Adults in Martial Arts. Are you ever too old to start taking martial arts classes?

Posted by in Blog on May 12, 2015

ThinkstockPhotos-477972793If you haven’t been physically active your adult life and are now pushing ___ something, is martial arts right for you?  The answer is a resounding, “Yes!”

Research as shown that moderate physical activity performed in midlife or later improves cognitive function (memory, learning, and brain health or staying “mentally sharp”) by 30-40%,  You watched Kung Fu, Green Hornet, The Avengers, and Batman when you were young and always wanted to try martial arts, but life happened.  Now you’re settled and ready to start a new chapter, get in shape, and learn to defend yourself, but where do you start?
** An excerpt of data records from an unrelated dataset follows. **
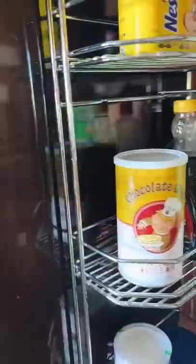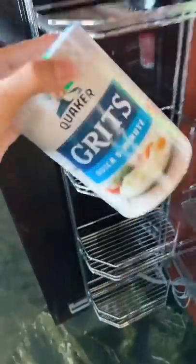The kitchen is clean — not for long, because we're about to make breakfast. My goal is to make some pancakes, some grits, and some bacon.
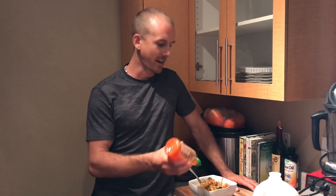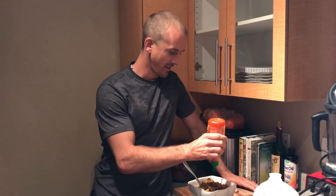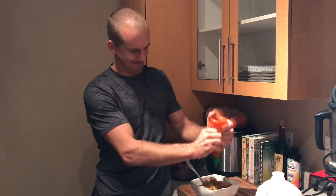Hey guys, it's Jake Mace, the vegan athlete here in the kitchen making some leftover stir-fry. Of course it's vegan stir-fry, and I was gonna put sriracha on this but it's empty — nothing left in there.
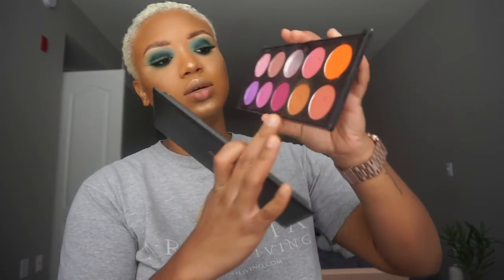I'm going to use this blush palette by Coastal Scents and go in with this color here. Then I'm going to use a lip liner, and I'm going to use Carity's Lip Lock liquid lipstick in Sugary Sweet. Then I'm going to go in with a see-through lip gloss and put that on top.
First, figure out your goals.  If your goals are to become more flexible, disciplined, get in shape, and earn belts (an outward reflection of how you are progressing), then you want a more “traditional” martial arts be it Karate, Mixed Martial Arts (many follow traditional belt rankings), Kung Fu, Tae Kwon Do, and Brazilian Jiu Jitsu.  Yes, you will learn self-defense techniques as well albeit often more traditional techniques.

If your goals are to defend yourself and get in shape while learning practical (i.e., modern) defense techniques, look for a self-defense system. Look for a system which incorporates stand up (punch/kick), ground (wresting/grappling/throws) and weapons (knife, sticks, gun).  Krav Maga is a popular system.  Krav Maga is a self-defense system developed for the military in Israel that consists of a wide combination of techniques sourced from Aikido, Boxing, Judo and Wrestling along with realistic fight training.  Krav Maga is known for its focus on real-world situations and its extremely efficient and brutal counter-attacks.

You probably don’t want to start with a high energy, acrobatic art like Capoeira.  Capoeira is a Brazilian martial art that combines elements of dance, acrobatics, and music, and is sometimes referred to as a game.  Judo as it is practiced nowadays in most dojos (a school or practice hall where martial arts are taught), is a combat sport, focusing on competition, which is obviously more appropriate for younger people.  As a martial art, Judo can be practiced at any age.  Look for a Judo dojo that still maintains its essence as a traditional martial art rather than just a sport.  That doesn’t mean that your only option is T’ai Chi which consists of slow, smooth, gentle movements and can be practiced seated or standing.  Ultimately, it depends on your end goals.

You’re never too old.  You must, however, know your limits and learn to put your ego in your back pocket.  Even if you’ve been physically active, if you’re training with a 20 something and you’re not 20 something, do not compete with them on their level.  Their level – you remember what it was to be 20 something or how you felt in high school.  For most people, you’re in your physical prime.  You’re fast, you’re strong, you heal quickly.  You can run all night and play all day.  If you try to compete with them on their level, it won’t happen.  Know your limits or your body will tell you your limits and then you are sidelined (read that hurt), and your martial arts goals may end there.  Many people get so down on themselves when they get hurt, they never come back to class.  Their ego is hurt more than their body, but now they have an excuse to quit.

Be smart.  If everyone is doing falls and your back hurts that day, heck, you could’ve even slept wrong, don’t do them.  If the instructor pushes you to kick higher and you feel extra tight that day, do your best given how you feel, but don’t push it that extra bit.  You can let the instructor know after class if you feel you must.  Take extra time to warm up if you need it.  Your body will tell you.  You have to listen to your body.

No matter what age you start, you will have aches and pains.  You’re using muscles you haven’t used before or in a long time.  You’re stretching out ligaments and tendons that have become used to not being stretched.

Remember, the benefits far outweigh any negatives.  You will become more flexible, lose weight, gain muscle, lower blood pressure, reduce stress – even sleep better at night!

Bottom line, have fun on your new journey.  You’ll meet like-minded people, make new friends, rediscover or discover what your body can do, and you’ll have fun.  Enjoy!